**Exercise goal**:
Beginning at the line with "Stone Island Short Cotton Red - L (USED)" in the records below, return each line up to and including the last, exactly as it stands, but not the pictures.

**Data to process**:
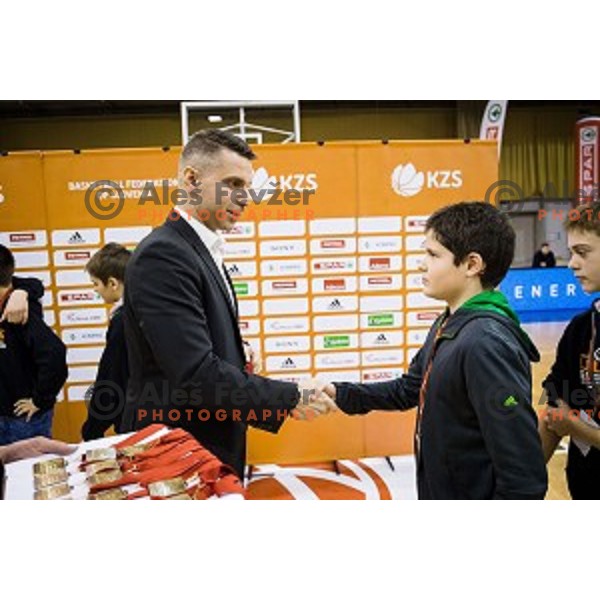 Mini Pokal Spar Final basketball match between Petrol Olimpija and Helios Suns, Tivoli, Ljubljana, Slovenia on February 18, 2018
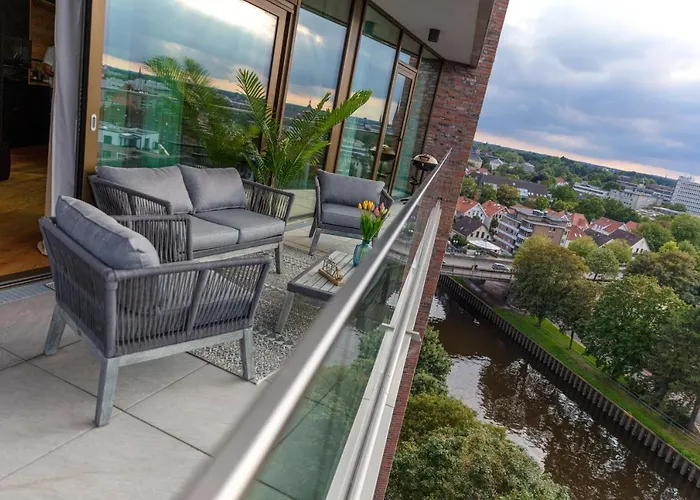 - Theview - Terrasse - Waterfront - Kostenloser Parkplatz - Wifi Lejlighed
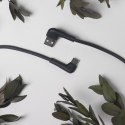 Maxlife kabel kątowy MXUC-09 USB - USB-C 1,0 m 3A czarny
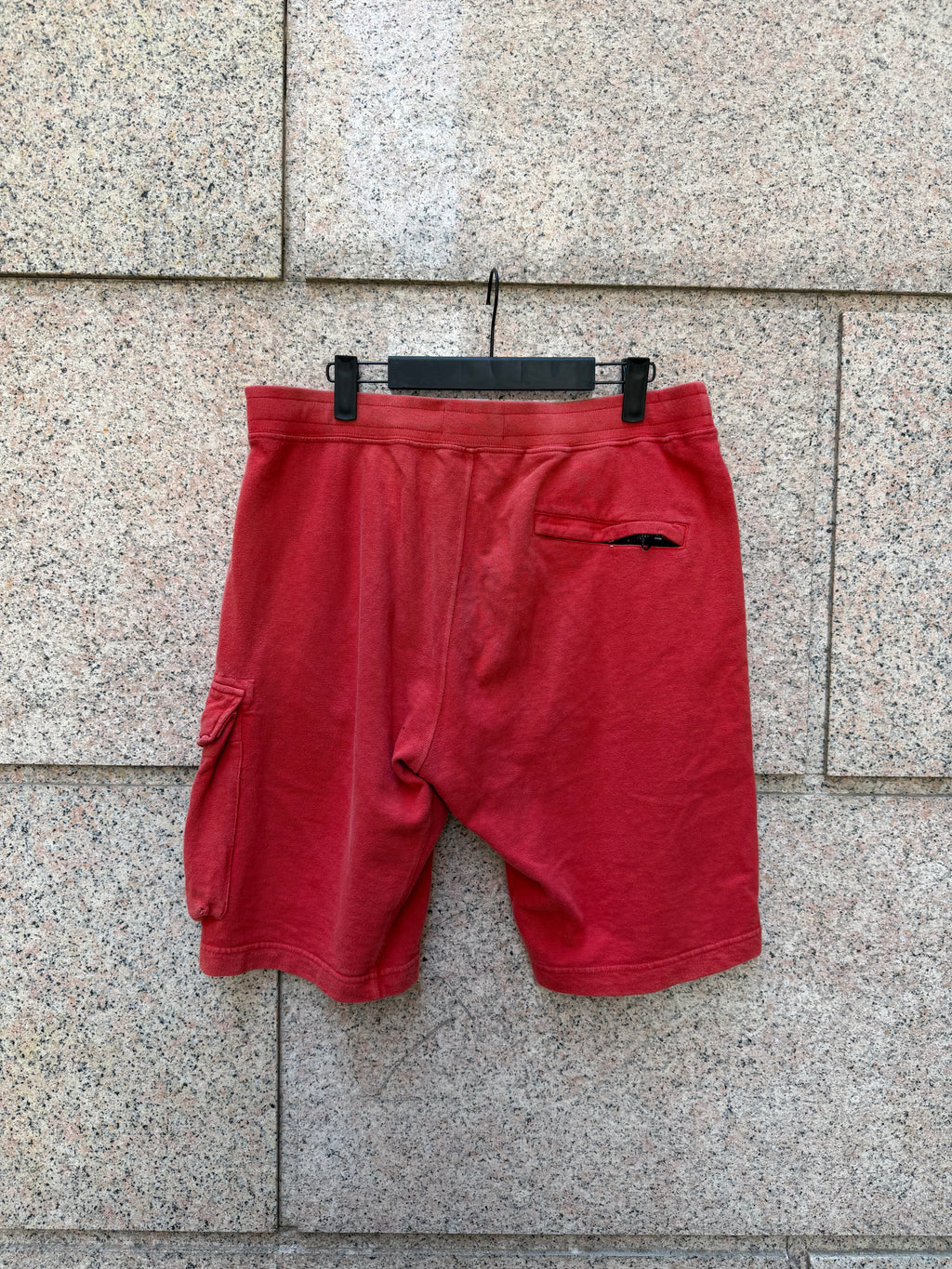 Stone Island Short Cotton Red - L (USED)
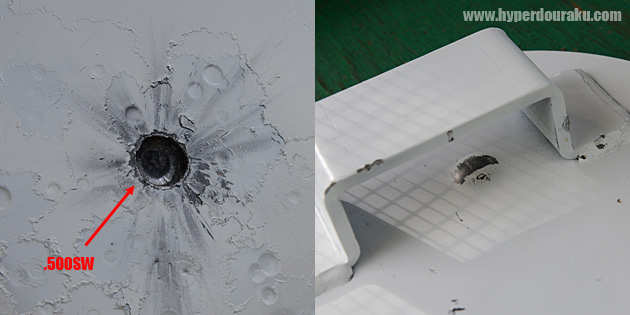 S&W M500で1発撃ち込んだ結果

**Solved problem**:
 Stone Island Short Cotton Red - L (USED)
 S&W M500で1発撃ち込んだ結果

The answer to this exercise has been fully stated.